She stood, her chest heaving with exertion or anger. She looked around her, down at the jagged splinters of wood. It was the desk that had been in our New York house.

Then her eyes snapped up to me again and darkened.

With a hiss she threw herself at me with abandon.

The movement was slower than it should have been, and I could have dodged her easily. Instead I caught her as she slammed into me, the stone of our chests cracking together in the silence of breathing and passion.

The force of her lunge sent us both toppling backwards onto the floor at the foot of the bed.

* * *

"Bella?"

She was sitting on the front stairs to the house, completely still. The family was inside, eating dinner. She told me she was going to join them, spend time with them, talk with them.
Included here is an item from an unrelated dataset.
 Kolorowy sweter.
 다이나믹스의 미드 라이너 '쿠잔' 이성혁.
She suggested I go for a hunt while she was there, that I meet her after.

But she hadn't moved.

I had been gone for over an hour and she hadn't made a step towards the door to go inside.
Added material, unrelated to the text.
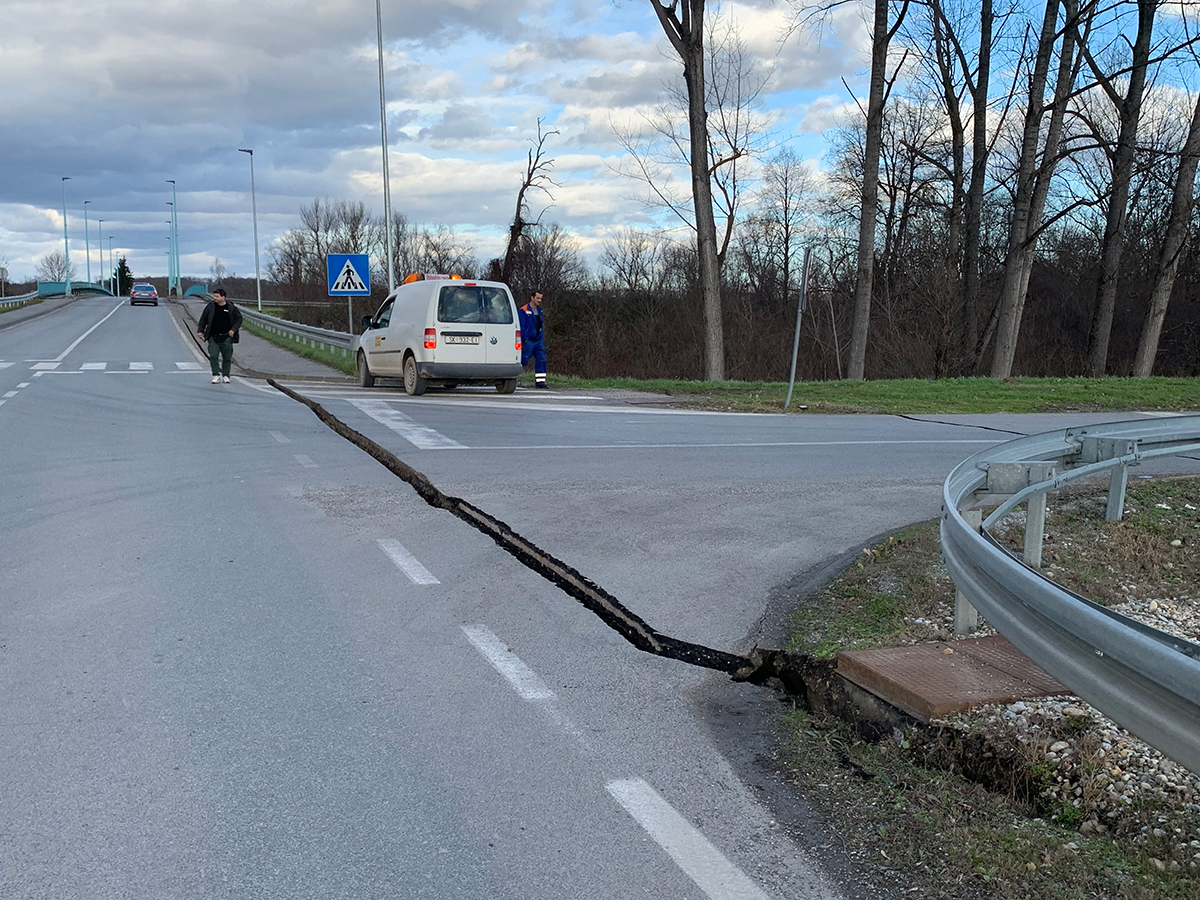 FOTO Pogledajte cestu kod Petrinje, pukla je od potresa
I walked over to the stairs and sat next to her. She didn't move, her eyes fixed straight ahead, like she couldn't see me. I knew she could – of course she could. We were always aware of each other.
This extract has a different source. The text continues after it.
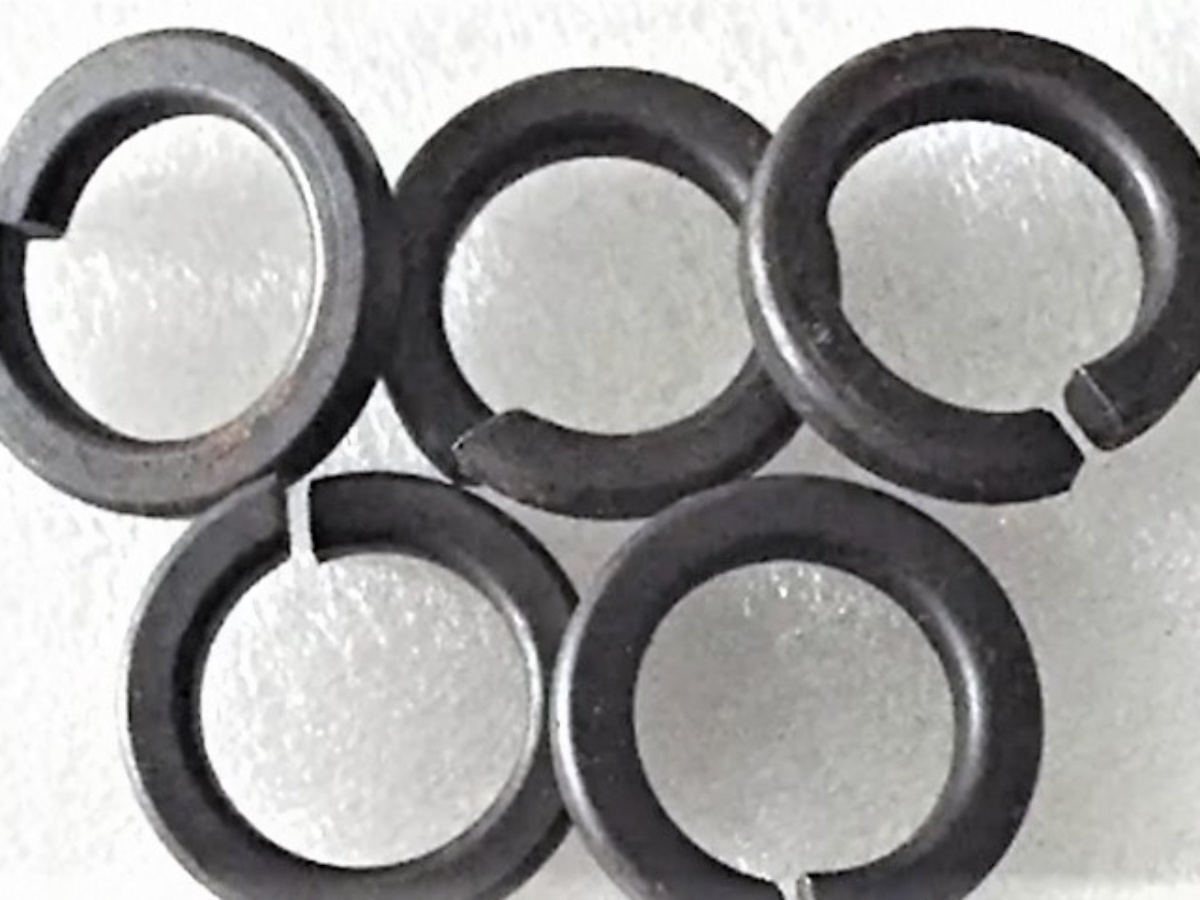 A590920 Шайба пружинная. Фото 1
Her mind was silent tonight.

"What are you thinking?" I asked the old question, smiling a little.

I watched her blink slightly at my words, and I waited for her to lift her shield, knock down the wall so that I could hear her like she always did when I asked.

She was still silent.

I furrowed my brows slightly in confusion.

Her hands were on either side of her, pressed flat against the wood. Her legs were bent and resting on the step right below where she sat, her knees almost pressed to her chest. She wasn't looking at me.

"Edward?" she said at last.

I was relieved to hear her voice.

"Yes, love?"

Her head turned then, her eyes meeting mine. They were wide and staring, unreadable. So very black. I thought back to the last time she had hunted. It had been too long.

"If I asked you to do something for me, something important, would you do it?" she asked, her voice quiet and serious.

"You know I would." I raised my eyebrows questioningly. "Anything."

"Even if it was something you didn't want to do?" she pressed, her eyes intent on me now.

"What do you need?"

"Please, just answer the question."

I stared back at her, my hand scrubbing at my chin as I tried to work out what she was talking about, what she could possibly want. She knew whatever it was, she would have it. Staying with her in Forks, kissing her torturous mouth, making love to her fragile human body, watching her carry a child that would kill her, ripping through her skin with my teeth, letting the venom spread…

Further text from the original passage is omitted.